> _TASK ITEM_: Your answer should hold exactly the lines below from the line with "AIR VAPORMAX 2019 'BLACK/MULTI-COLOR'" through the line with "49 Springwinds Loop", both included, and no pictures at all.

> _DATA RECORDS_:
[Start of section]
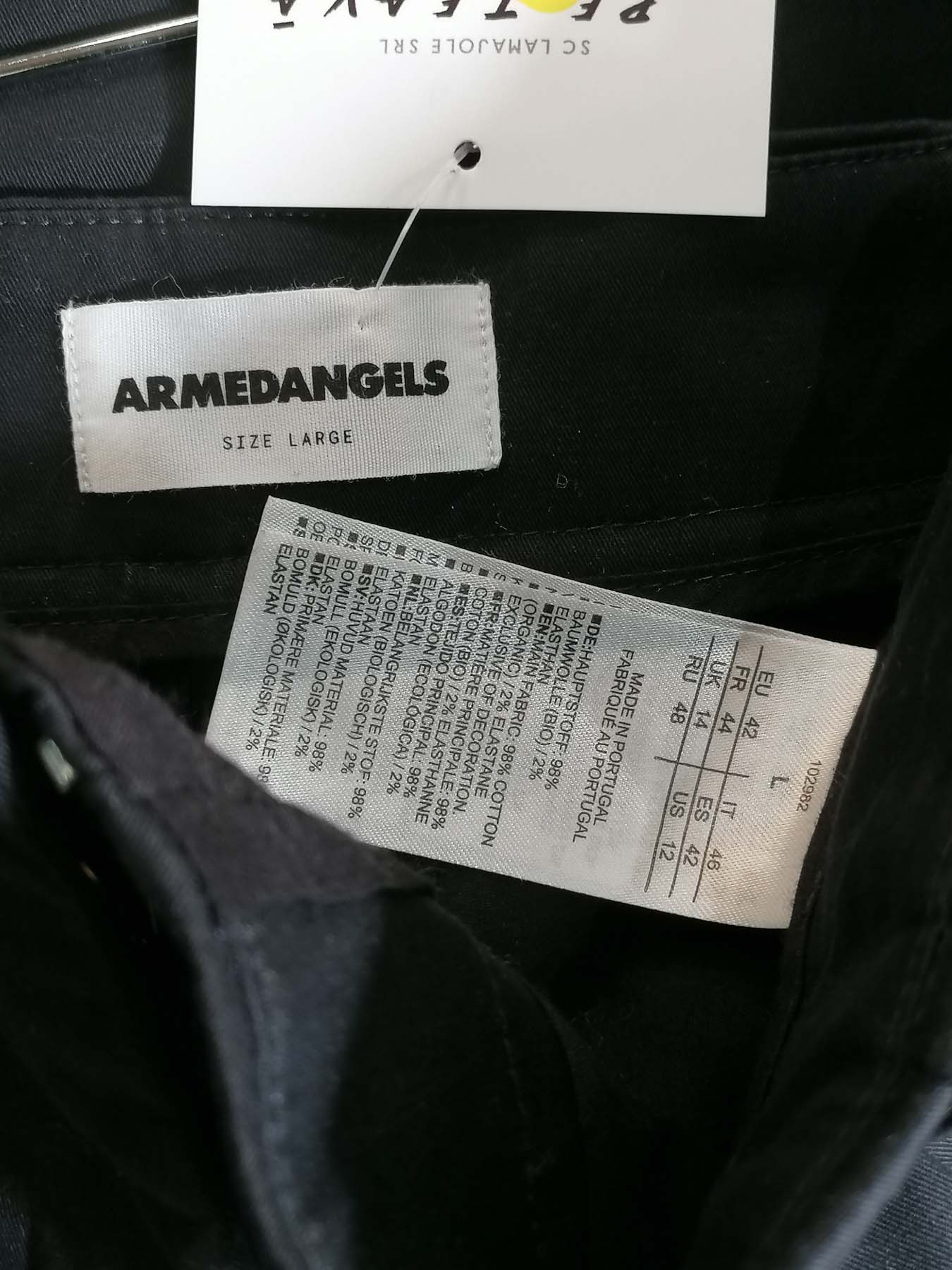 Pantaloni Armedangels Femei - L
[End of section]
[Start of section]
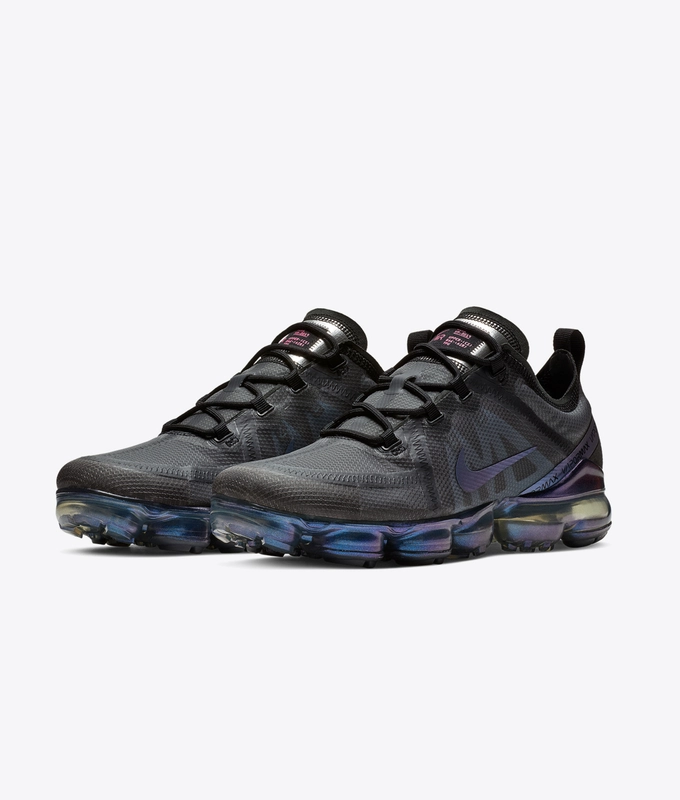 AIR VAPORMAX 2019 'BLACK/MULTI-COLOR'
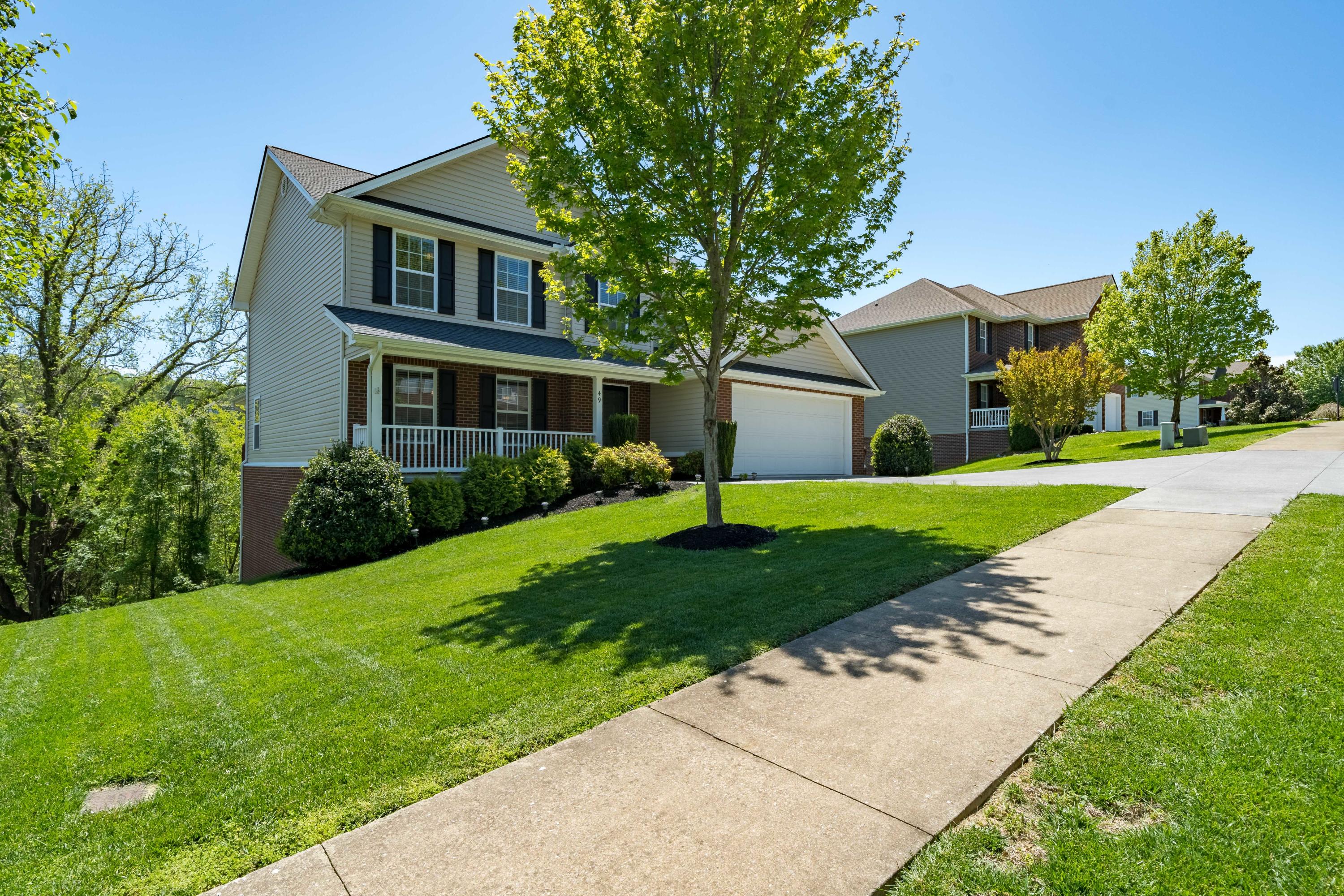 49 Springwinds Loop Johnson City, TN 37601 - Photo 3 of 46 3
[End of section]
> _ANSWER SPACE_:
 AIR VAPORMAX 2019 'BLACK/MULTI-COLOR'
 49 Springwinds Loop Johnson City, TN 37601 - Photo 3 of 46 3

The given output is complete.